Sleep Is A Waste This Morning
It's 4:32am and the green glow of the digital alarm clock is the room's only light.
The black silence of early morning blankets my hilltop and begs to be acknowledged for its nothingness. Sleep seems a waste at a time like this.
Artificial light seems a waste as well so I feel my way around the kitchen to start the coffee and steal a cup halfway through the brewing. It's serious coffee but I'll need it as I wrap myself in a heavy jacket and step out onto the front porch with all senses on full alert.
What we have here is not only an absence of light but an absence of sound as well. The loudest noise of the morning is my tinnitus, gained 35 years ago on an afternoon in an old coal mine with friend Paul and a 44 magnum.
A dog, about half a mile away, west, calls for breakfast. It's a hound, tied. By its tone of voice, I'd guess fully resigned to life mostly on a chain.
There's a lone rooster.
South.
Andy Millers' I'd guess and now a second dog, also south. This one has the note of a free dog, a herding dog, likely the Burkholder's Bobby. It couldn't be their new dog, whose ribs were broken last week by one of the horses. That dog will not be barking for another week or two.
Won't be walking between a horse's legs either.
There's a horse in the pasture, not 20 yards from my porch table. Must be Ruby. She's been ostracized by the others since giving birth four months ago so she grazes alone. I'd never have guessed she was there until she sneezed.
If I use peripheral vision, I'm just able to separate her white stockinged feet and the black shape of her body against the graying pasture floor.

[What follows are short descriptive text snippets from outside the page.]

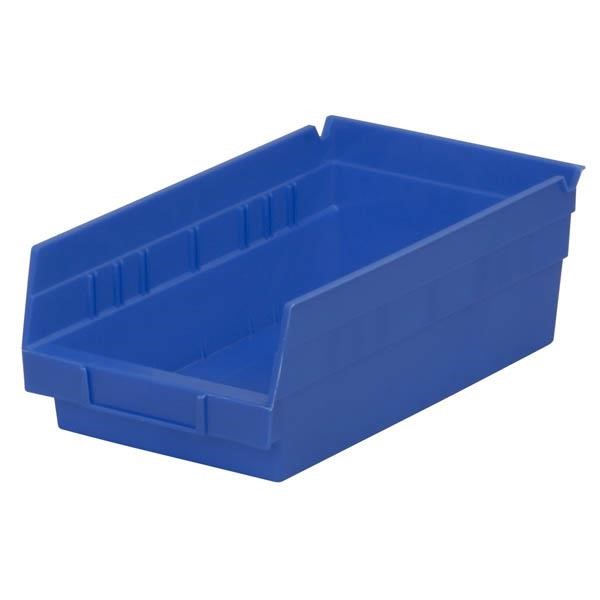 Akro-Mils® Shelf Bin, 11 5/8"L x 4"H x 6 5/8"W, Blue, 1/Each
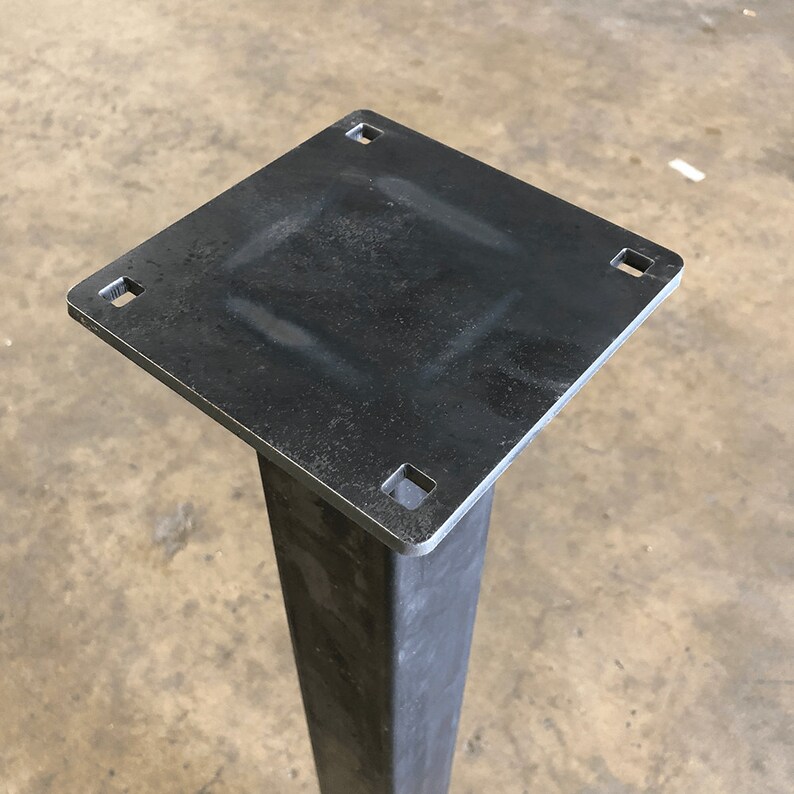 Steel Mailbox Post Set in Concrete 60inch Metal Mount Gift Etsy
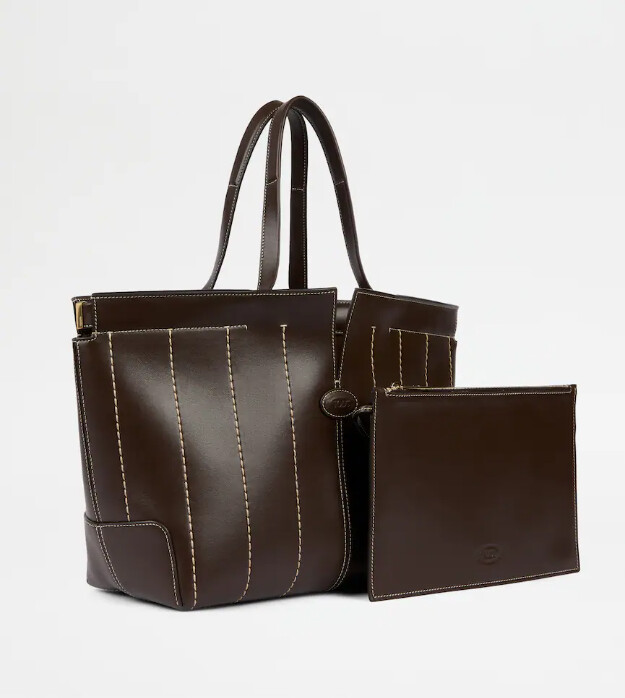 tods di bag folio aus leder mittel-klein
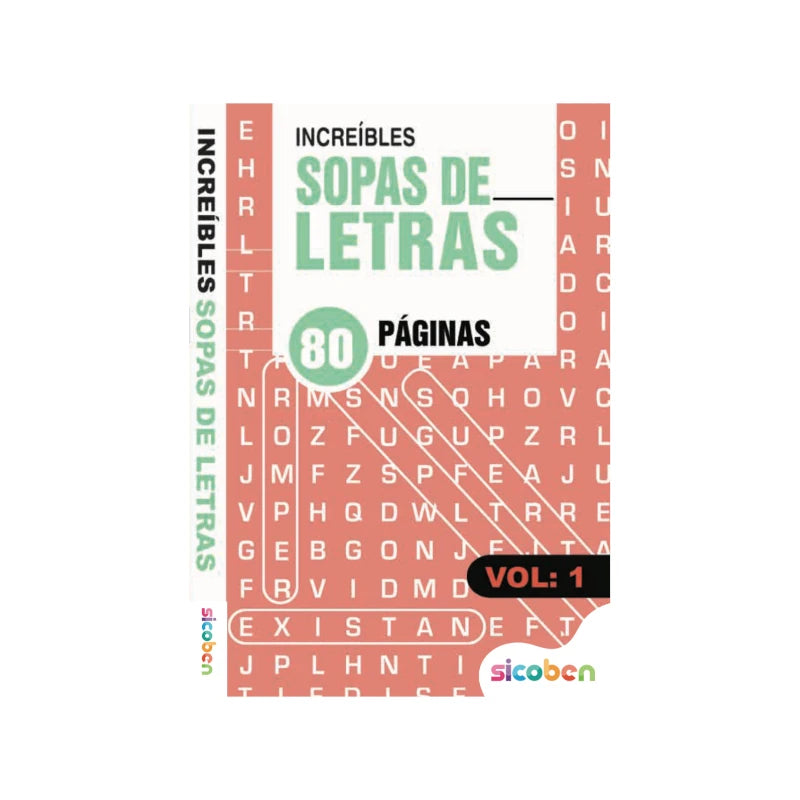 Increíbles Sopas de Letras VOL:1 Sicoben.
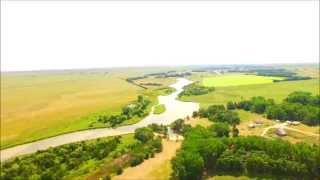 Dji Inspire over the Nebraska Sandhills.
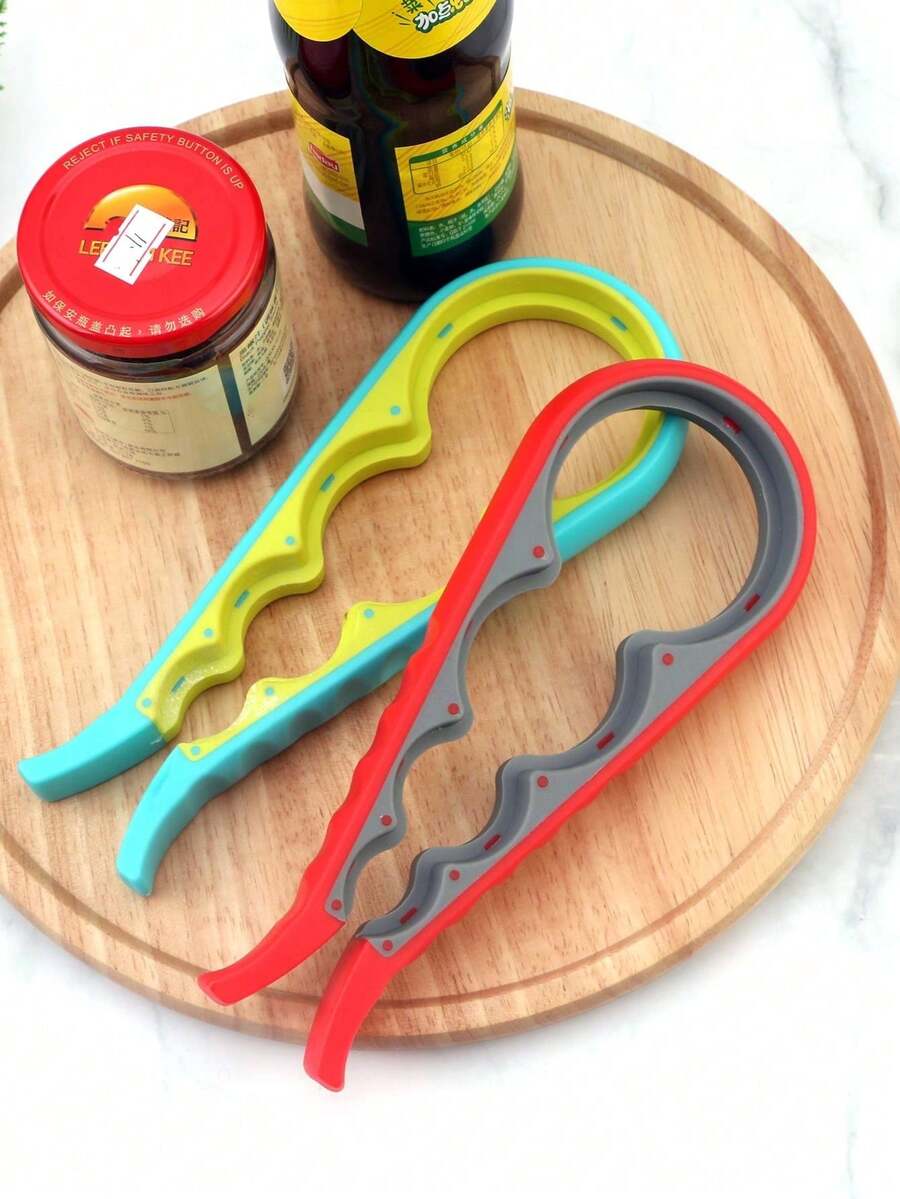Brodark Pembuka Kaleng Ergonomis 3 Warna Ins-Style, Mudah Membuka Berbagai Tutup Botol, Desain Cakar Gelombang Anti Selip, Alat Dapur Praktis & Modis - View 1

Now it's 6:20 and morning has sucked the heat out of the coffee as the shape of the pasture hill begins to separate itself from the valley fog. Ruby moved to the east fence line and the other horses are congregated a quarter mile away on the horizon.
Ruby makes no overtures in their direction although she will later. Eventually her persistence will pay off and she'll be re-accepted into the clique.
Color has returned to the hill and all the horses have drifted out of sight. A few lumpy black piles are the only hint they've been nearby.
More dogs, more roosters and a bright orange lozenge of sun, coughed up by the eastern horizon, mean it's time to go pick up the morning paper.